Enable download of large (spatial extent) cutouts from ERA5 via cdsapi. #236

euronion · 2022-05-16T12:58:14Z

Closes #221 .

Change proposed in this Pull Request

Split download of ERA5 into monthly downloads (currently: annual downloads) to prevent too-large downloads from ERA5 CDSAPI.

TODO

Add month indicator to progress prompts.

Description

Motivation and Context

See #221 .

How Has This Been Tested?

Locally by downloading a large cutout.

Type of change

Bug fix (non-breaking change which fixes an issue)
New feature (non-breaking change which adds functionality)
[n/a] Breaking change (fix or feature that would cause existing functionality to change)

Checklist

I tested my contribution locally and it seems to work fine.
I locally ran pytest inside the repository and no unexpected problems came up.
I have adjusted the docstrings in the code appropriately.
I have documented the effects of my code changes in the documentation doc/.
[n/a] I have added newly introduced dependencies to environment.yaml file.
I have added a note to release notes doc/release_notes.rst.
I have used pre-commit run --all to lint/format/check my contribution

for more information, see https://pre-commit.ci

fneum · 2022-05-17T20:37:08Z

How does that interact with queuing at CDSAPI? Does that increase the chances of getting stuck in the request in month 9 or so?

euronion · 2022-05-17T20:46:33Z

I don't know.

The downloads for the larger cutouts worked relatively smoothly (1-2 hours), but the number of requests is 12x higher for a normal year, so the chances might be higher. On the other hand, since the downloaded slices are smaller I would not expect major performance changes. Probably acceptable, since you're not downloading cutouts on an everyday basis.

I don't know enough about the internals of the ERA5 climate store and I don't think we should optimise our retrieval routines for it as long as we haven't received any complaints for bad performance.

euronion · 2022-05-31T12:08:38Z

Alright. I did not encounter any issues downloading large datasets. Seems to work nicely @FabianHofmann .

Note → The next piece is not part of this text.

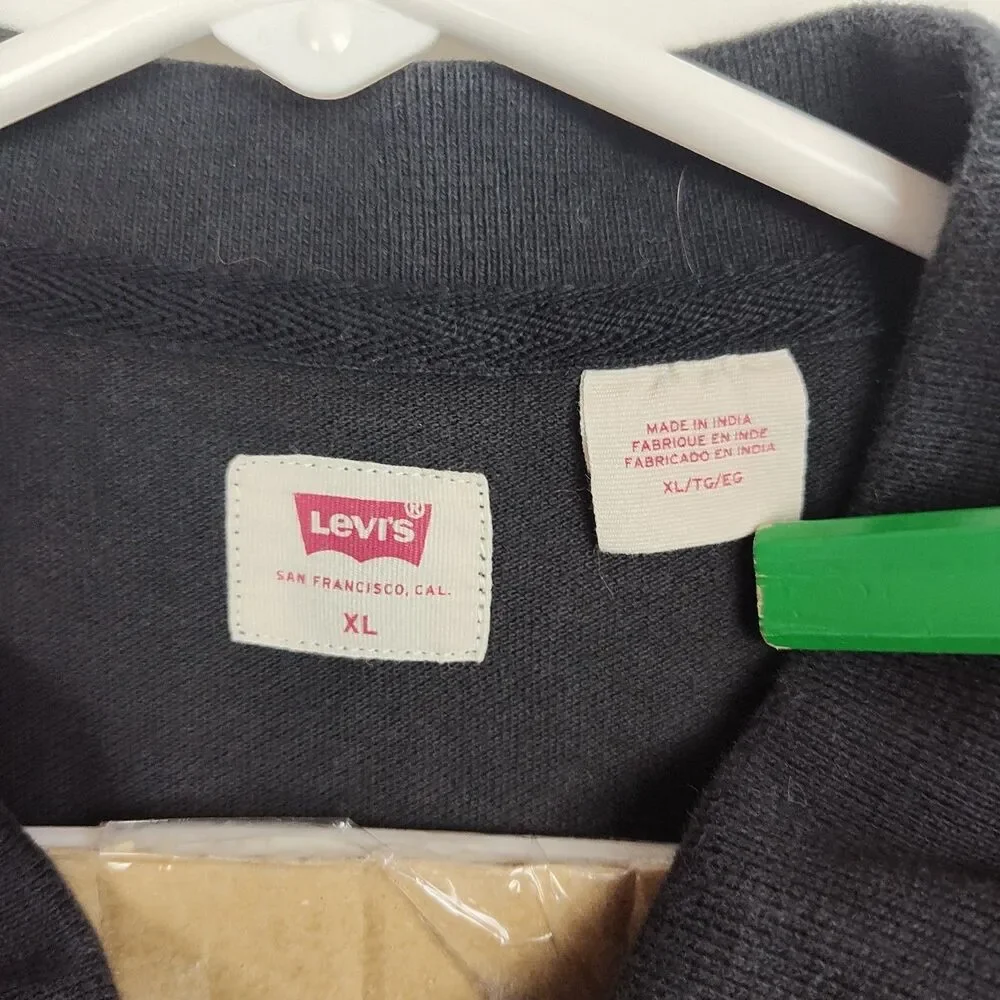 Levi's Polo Shirt Men's Size XL Black‎ Embroidered Logo Short Sleeves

What would be helpful is a message indicating which month/year combination is currently being downloaded, do you have an idea on how to easily implement this @FabianHofmann ?

Then I'd suggest @davide-f tries to download his cutout as well and if that works without issues then we can merge.

davide-f · 2022-05-31T14:51:00Z

@euronion Super! thank you very much. Currently, I am a bit busy with other stuff and I cannot run the machine with copernicus waiting long time for the analysis, unfortunately. As I have free resources, I'll test that.
Thank you!

FabianHofmann · 2022-05-31T20:12:12Z

Great. For the logging I would suggest to go with e.g. "2013-01", instead of "2013" only.
See

atlite/atlite/datasets/era5.py

Line 309 in 3c7b4b8

yearstr = ", ".join(atleast_1d(request["year"]))

which could be changed into

timestr = f"{request["year"])}-{request["month"]}"

and changed replaced accordingly in

atlite/atlite/datasets/era5.py

Line 311 in 3c7b4b8

varstr = "".join(["\t * " + v + f" ({yearstr})\n" for v in variables])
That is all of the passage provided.